Santa’s In The Air And The Sap Is Running

The Washington Post points out that despite the hard boiled, bah humbug attitudes many people affect at Christmas time, the mushy, sentimental films and television shows that are played over and over each year continue to gather astonishingly large audiences. Year after year.

On Friday, the American Film Institute will begin its Christmas Classics series, with repeated showings of "It's a Wonderful Life" and "A Christmas Story." The recent ABC telecast of "A Charlie Brown Christmas" won its time slot — and not just among children, but among adults as well. "Shrek the Halls" had nearly 21 million viewers. "How the Grinch Stole Christmas" had almost 19 million.
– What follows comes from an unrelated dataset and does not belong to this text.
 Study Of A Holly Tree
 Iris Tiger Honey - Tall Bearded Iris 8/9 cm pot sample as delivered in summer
These holiday standbys poke through the tough exterior, past the belligerent blogger in us all, to tap into the warm, mushy core that people try to deny. Viewers simply cannot turn their backs on Charlie and the Grinch. Each year, audiences return to Bedford Falls to be reminded, just like George Bailey, that lives led with simple kindness and good intentions can have significant influence. They want to encourage Ralphie Parker as he makes his pitch — to his teacher, to his parents, to Santa Claus himself — for a Red Ryder BB gun.
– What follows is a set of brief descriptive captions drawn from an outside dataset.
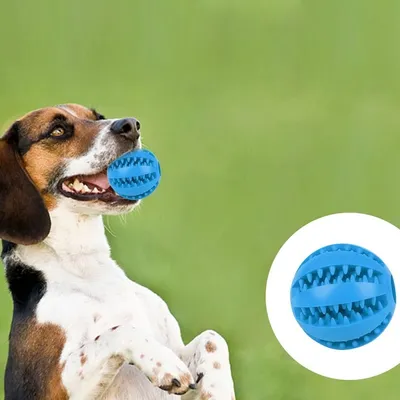Pet Planet 4 Pièces Balles Friandises Caoutchouc Naturel Chien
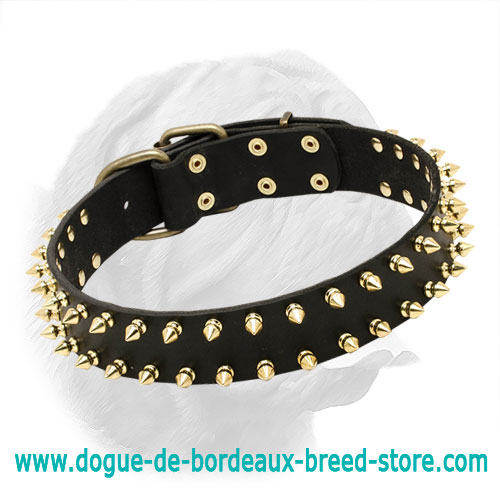 Leather Special Dogue de Bordeaux Collar With Golden-Like Spikes
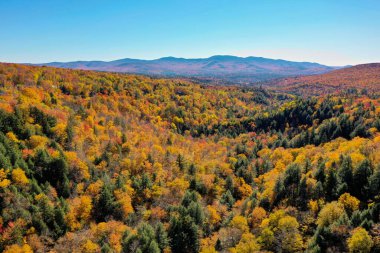 Stowe, Vermont 'taki tepedeki düşüşün panoramik manzarası.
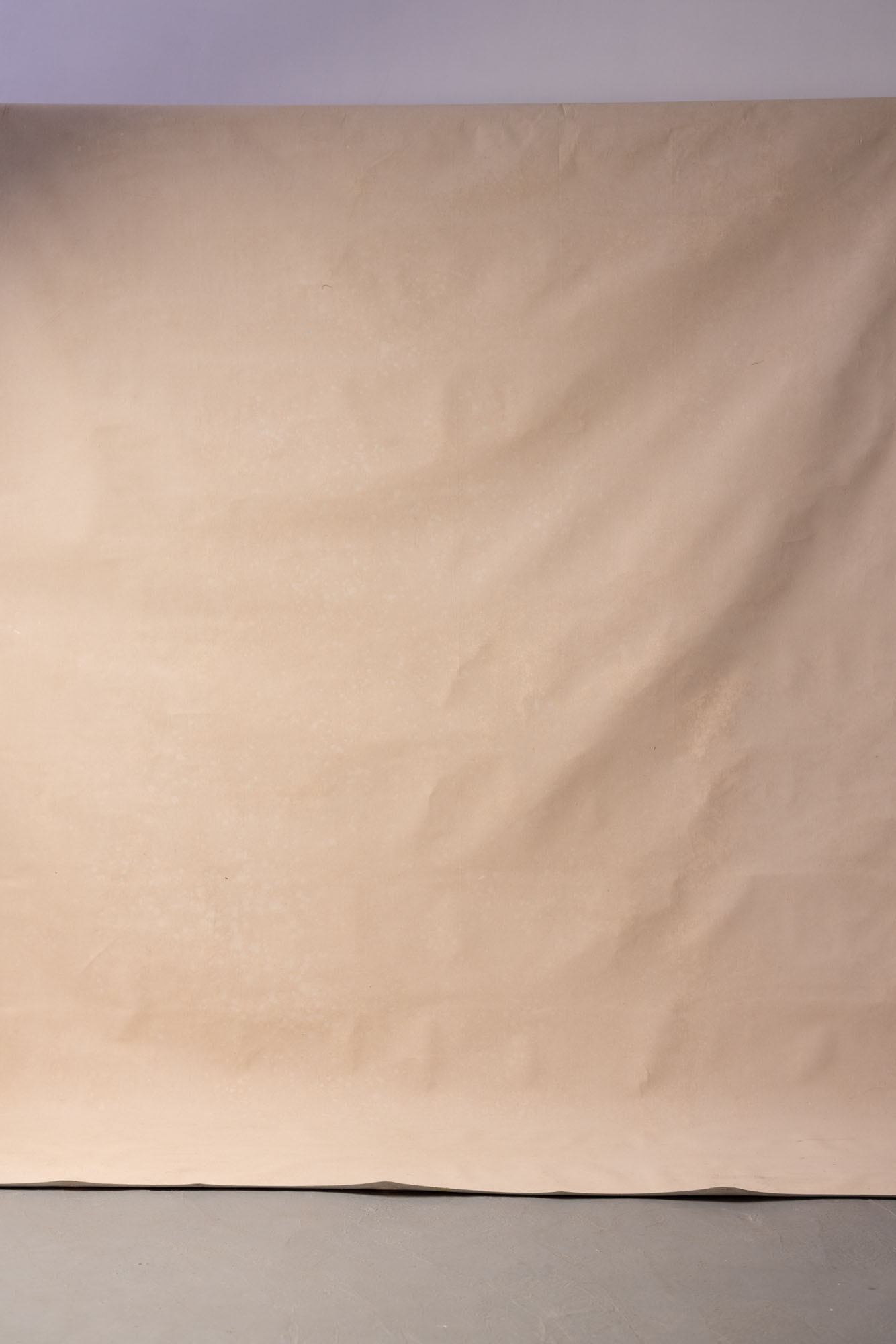 Antique Brass Painted Canvas Backdrop (RN#215) view 2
Every Christmas, people return to the sap.

The draw, to some degree, must be attributed to habit. It's what they do every year, just as they might bake the same cookies, hang the lights in precisely the same way and put the Christmas tree in its usual location. But television and movie traditions offer a kind of continuity and reassurance that other traditions can't. The cookies burn. The lights break. The pine needles start falling off the tree too soon. But the Grinch and his little dog remain the same.
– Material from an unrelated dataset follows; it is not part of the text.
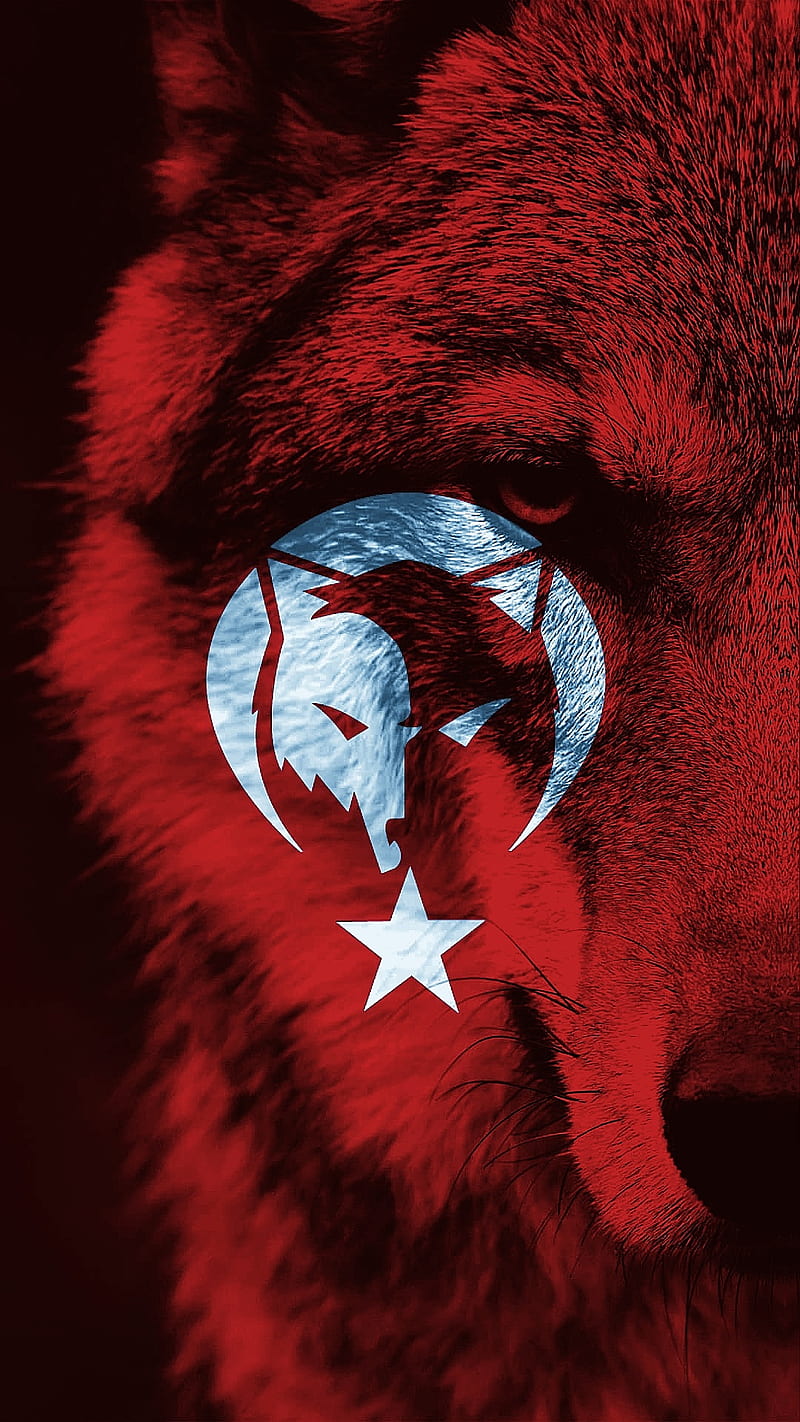 Bozkurt, Milli, wolf, Kurtlar, black, turk, Bozkurtlar, kurt logo, turkish flag, wolf logo, wolves, turkish, Türkiye, kurt, HD phone wallpaper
The Christmas classics are a special kind of entertainment. They're available only for a short time. They are both familiar and rare. "A Charlie Brown Christmas" is TV's equivalent of a good tomato: a true seasonal affair.

The story lines that made viewers turn teary-eyed the first 10 times they saw these Christmas classics will most likely continue to do so. They strum a chord that is ignored or denied all year long. We are not as detached and cynical as we would like to think. We are not as angry.

I dunno how true that is, I personally would not watch Rudolph the Red-Nosed Reindeer or A Charlie Brown Christmas at gunpoint. Well, okay, I would, but I wouldn't enjoy it. But that may be because, for years, those were the only thing to watch at Christmas! They have a short compilation of clips from some of the classics.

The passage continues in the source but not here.